-- DATA LISTING --

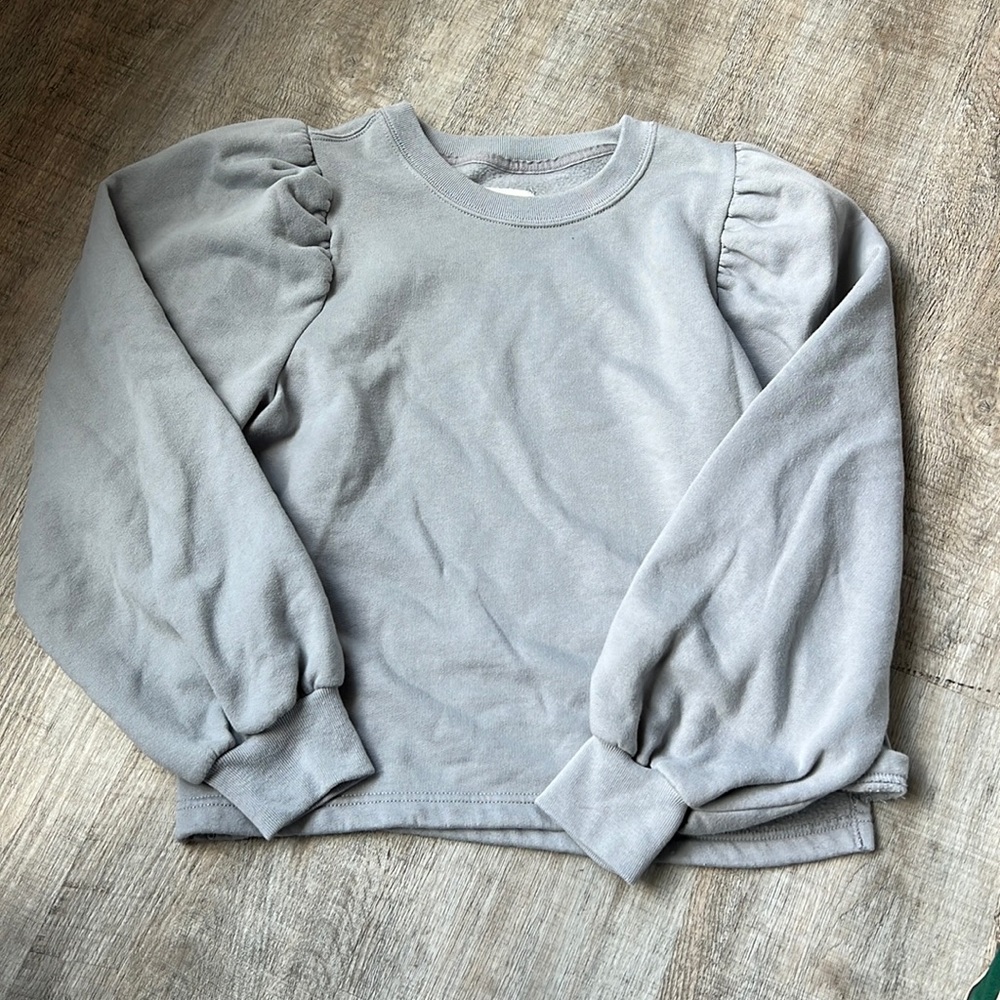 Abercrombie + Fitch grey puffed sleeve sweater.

---

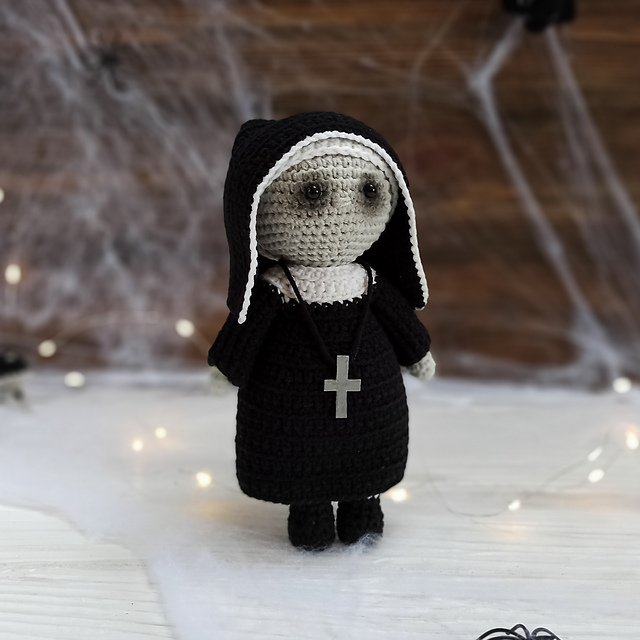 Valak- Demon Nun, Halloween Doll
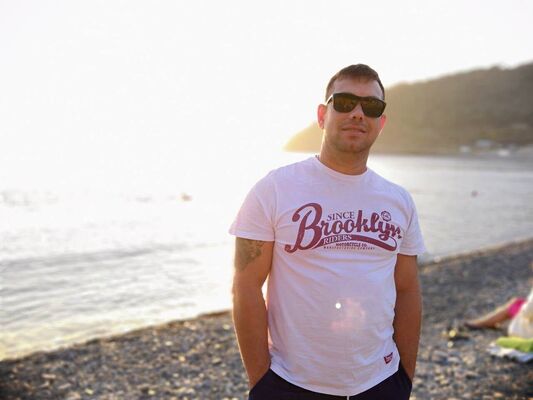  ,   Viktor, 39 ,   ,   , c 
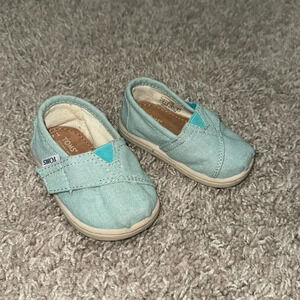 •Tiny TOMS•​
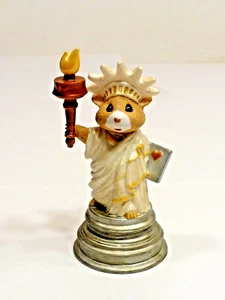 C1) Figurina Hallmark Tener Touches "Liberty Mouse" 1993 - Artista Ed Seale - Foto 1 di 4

--

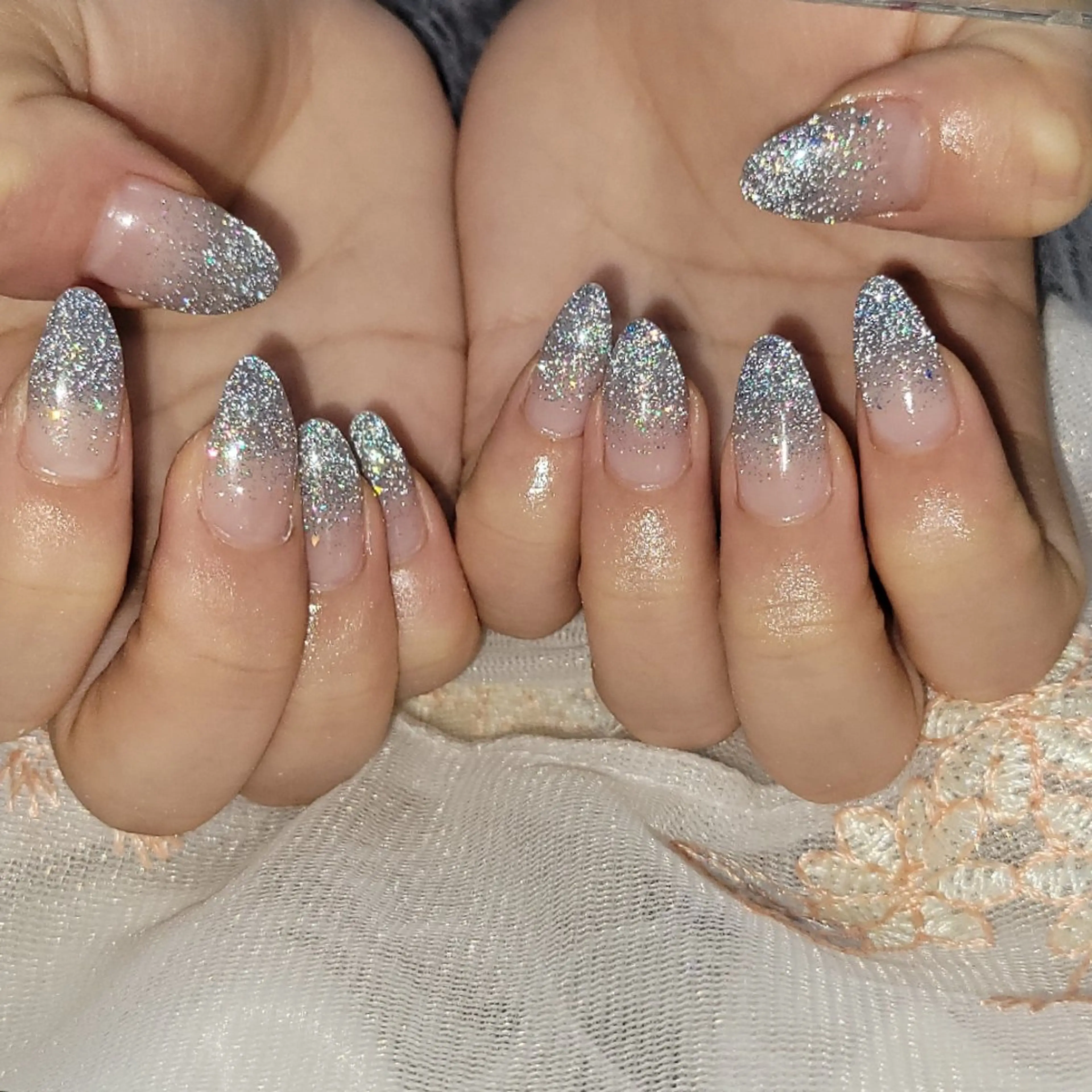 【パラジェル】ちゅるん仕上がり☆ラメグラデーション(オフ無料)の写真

-- WHAT YOU NEED TO DO --
Look above for the line containing "Valak- Demon Nun, Halloween Doll" and the line containing "C1) Figurina Hallmark", then reproduce both and everything between them exactly, pictures omitted.

-- WRITTEN ANSWER --
 Valak- Demon Nun, Halloween Doll
  ,   Viktor, 39 ,   ,   , c 
 •Tiny TOMS•​
 C1) Figurina Hallmark Tener Touches "Liberty Mouse" 1993 - Artista Ed Seale - Foto 1 di 4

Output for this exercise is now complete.